Lodha Group's proposed IPO size of Rs 25 billion is almost half of Rs 55 billion the group had intended to raise in 2018.
The proceeds from the share sale are expected to be used to pare down debt, which stood at Rs 171.7 billion as of March 2020.
The group reported consolidated revenues of Rs 124.8 billion as of FY 2019-2020 and profits of Rs 7.4 billion.
As of March 2020, Lodha Group had 38 projects spread over 23 million square feet, including marquee projects like the Trump Tower in India and Grosvenor Square in London, UK. It also had 19 projects in the planning stage at the time.
In other news, the Rs 8.2-billion initial public offer (IPO) of RailTel Corporation of India continued to see good subscription for the second day of bidding on February 17.
The issue was subscribed 5.32 times at the time of closing stock market hours yesterday with strong support from retail investors whose reserved portion saw a 9.6 times subscription.

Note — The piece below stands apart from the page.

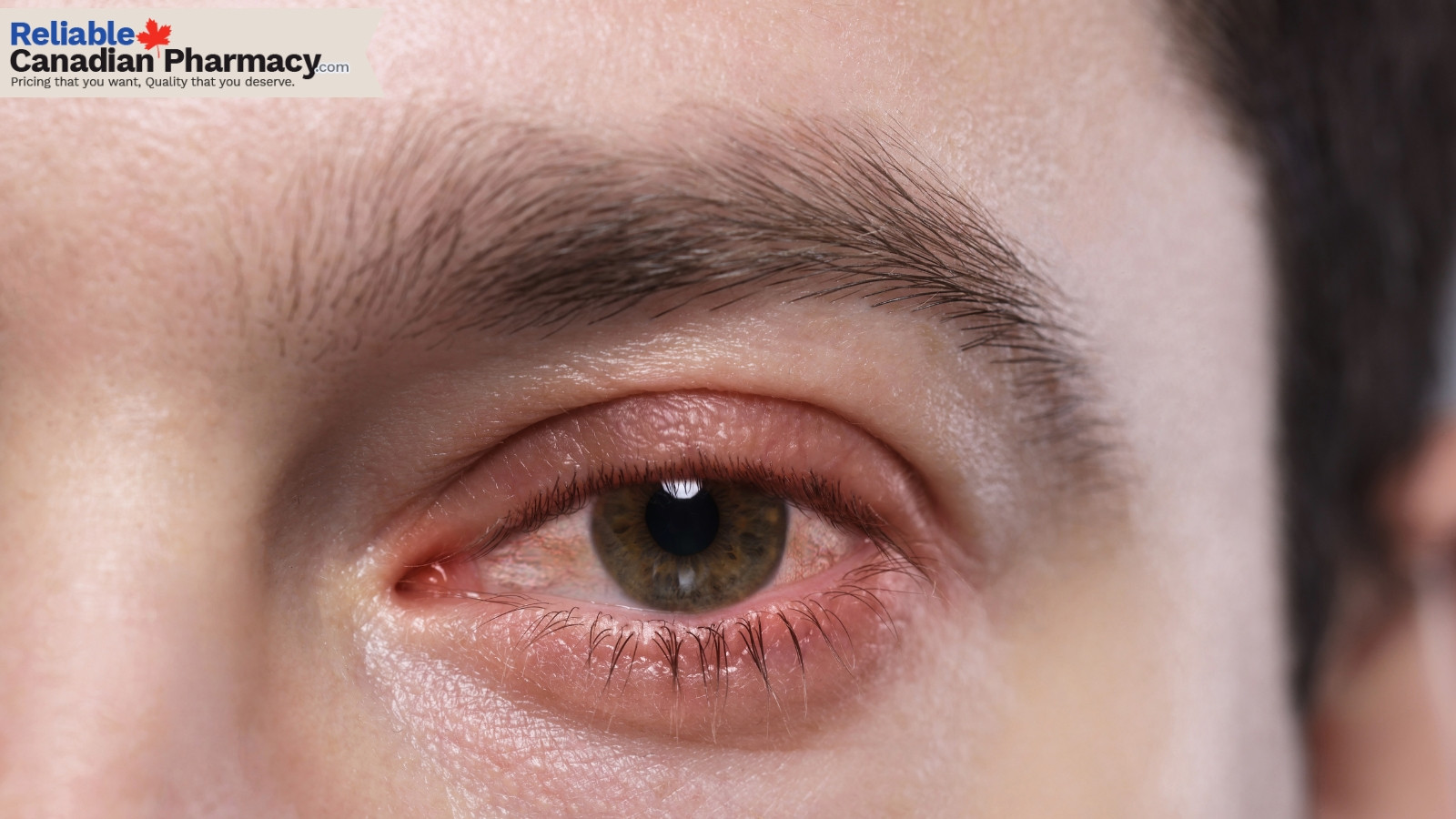 Eye infection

The mini-ratna PSU is one of the largest neutral telecom infrastructure providers in the country owning an optic fiber network on exclusive Right of Way (RoW) along railway track. The company provides broadband telecom and multimedia network across the country.
The company has fixed a price band of Rs 93-94 a share for its initial share-sale.
The IPO is entirely an offer-for-sale (OFS) through which government will offload 87,153,369 equity shares, or 27.16% stake.
Half of the issue is reserved for qualified institutional buyers, 35% for retail investors and 15% for non-institutional bidders.
The last railway IPO that hit the street of IRFC had a weak market debut. But grey market trends suggest investors are betting big on the RailTel IPO.
The premium on the unlisted shares of RailTel had surged to Rs 44-47 in the grey market last week, the unofficial market for trading in unlisted shares. That translated into a 50% bump up on the IPO price of Rs 93-94 per share.
How the IPO sails through remains to be seen. Meanwhile, we will keep you updated on the latest developments from this space.